Une fois que les objectifs d’apprentissage sont disponibles, il ne suffit pas d’en donner une copie aux élèves et de les lire avec eux. Les enseignants doivent s’assurer que les élèves comprennent à la fois ce que signifie l’objectif d’apprentissage et à quoi elle ressemble pour partager pleinement l’intention d’apprentissage. C’est là qu’interviennent les critères de réussite.



Développer et partager les critères de réussite


Certains élèves savent déjà à quoi ressemble un travail réussi, d’autres non. S’assurer que tous les élèves savent à quoi ressemble un travail de qualité a un impact profond sur les écarts de réussite.

La réussite est la manifestation d’un objectif d’apprentissage :
  • La réussite ne se résume pas à une note même si elle y aboutit. 
  • La réussite ne consiste pas simplement à mémoriser et à régurgiter des informations. 
  • La réussite consiste à apprendre le concept enseigné dans certains contextes et être capable de transférer cet apprentissage dans un nouveau contexte.
La création de critères de réussite peut s’avérer délicate, voire difficile. Les critères de réussite « sont élaborés par l’enseignant ou l’élève et décrivent ce à quoi ressemble la réussite. Ils aident l’enseignant et l’élève à juger de la qualité de l’apprentissage de l’élève » (Professional Development Service for Teachers, 2016). 

En tant qu’enseignants, nous pouvons nous interroger sur les critères de réussite :
  • De quelle manière partageons-nous les critères de réussite avec nos élèves ?
  • Prenons-nous le temps de réfléchir ou de discuter avec notre équipe pédagogique des pratiques permettant de s’assurer que les élèves comprennent ce que nous attendons d’eux ?
Les critères de réussite interviennent dans les fonctions formative et sommative de l’évaluation :
  • En mode sommatif, les critères de réussite doivent déterminer dans quelle mesure les élèves ont réussi.
  • En mode formatif, les critères de réussite doivent permettre d’obtenir cette réussite en mettant en évidence les progrès à réaliser.
Même si nous sommes tout à fait à l’aise avec l’idée de donner aux élèves des indications claires sur ce que nous voulons, la définition des critères de réussite peut s’avérer difficile.

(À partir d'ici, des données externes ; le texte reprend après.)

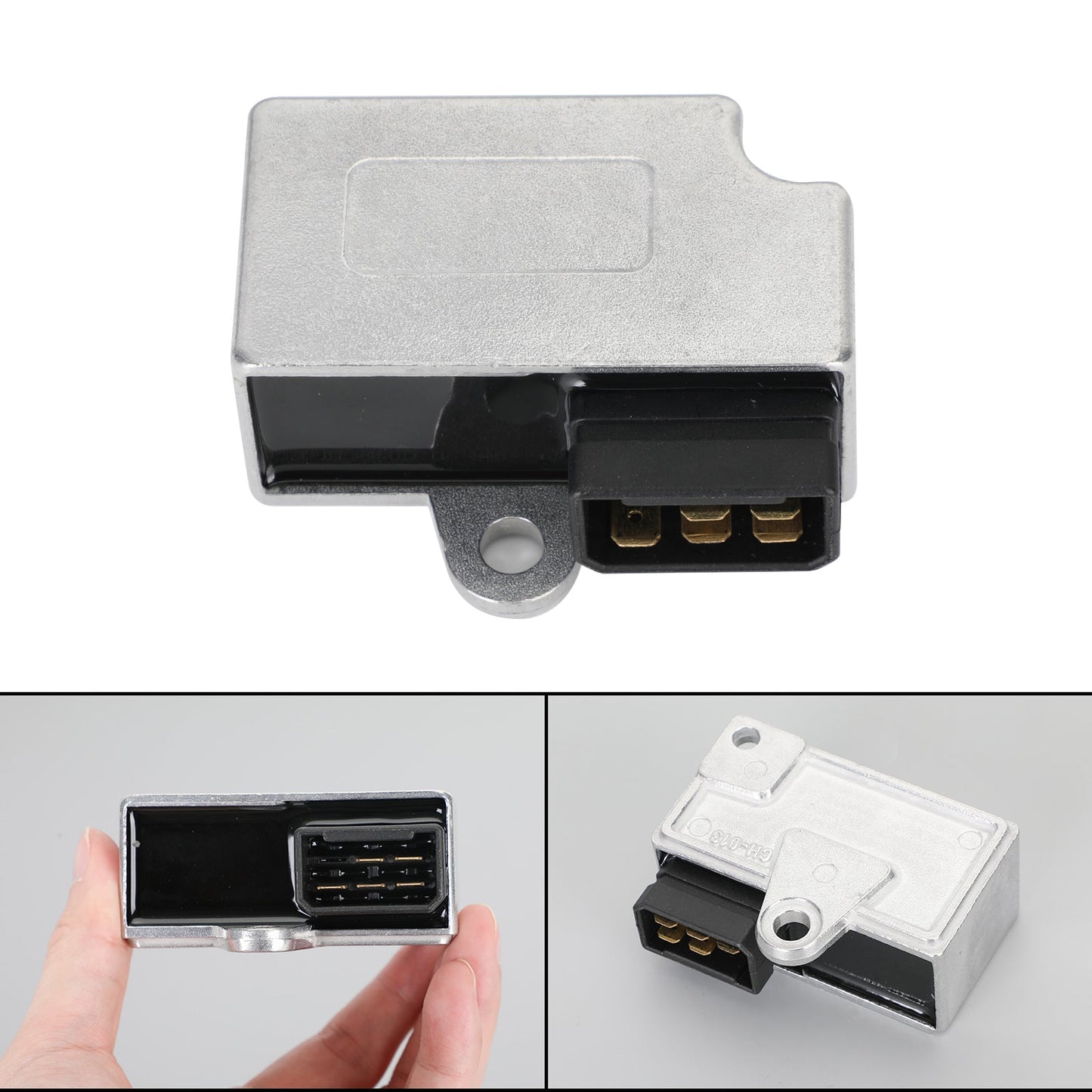 CDI BOX Accenditore adatto per Moto Guzzi V35 350 V50 500 1977-1980 GU19721400 Generico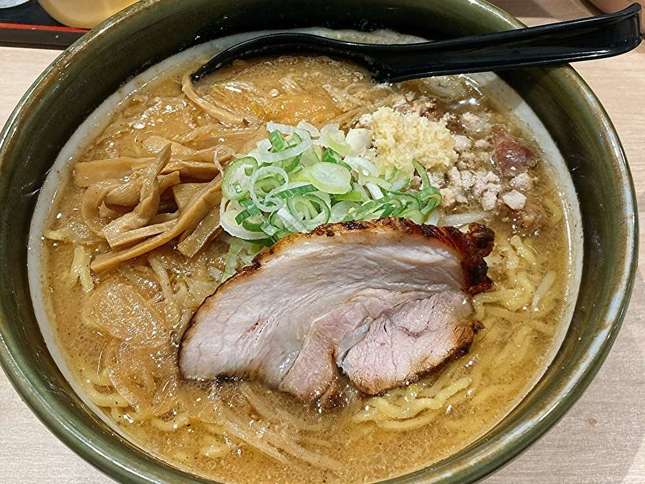 本格的な札幌味噌ラーメン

Les objectifs d’apprentissage sont des définitions de la qualité pas toujours utiles pour ceux qui n’en sont pas encore là. Pour surmonter cette difficulté, des critères de réussite efficaces doivent être mesurables, permettre une différenciation entre les élèves, être exprimés dans un langage clair et significatif, et permettre aux élèves d’identifier eux-mêmes la réussite. 

En outre, les enseignants doivent fournir des exemples de travaux qui répondent aux critères de réussite.

Nous devons communiquer le sens de la qualité à nos élèves. Il existe trois outils que les enseignants peuvent utiliser pour développer cette compétence chez les élèves.
  1.  Les grilles d’évaluation
  2. Les critères liés aux processus
  3. Exemples de travaux d’élèves



Usages des grilles d’évaluation


Une grille d’évaluation peut être un instrument efficace pour partager des critères de réussite.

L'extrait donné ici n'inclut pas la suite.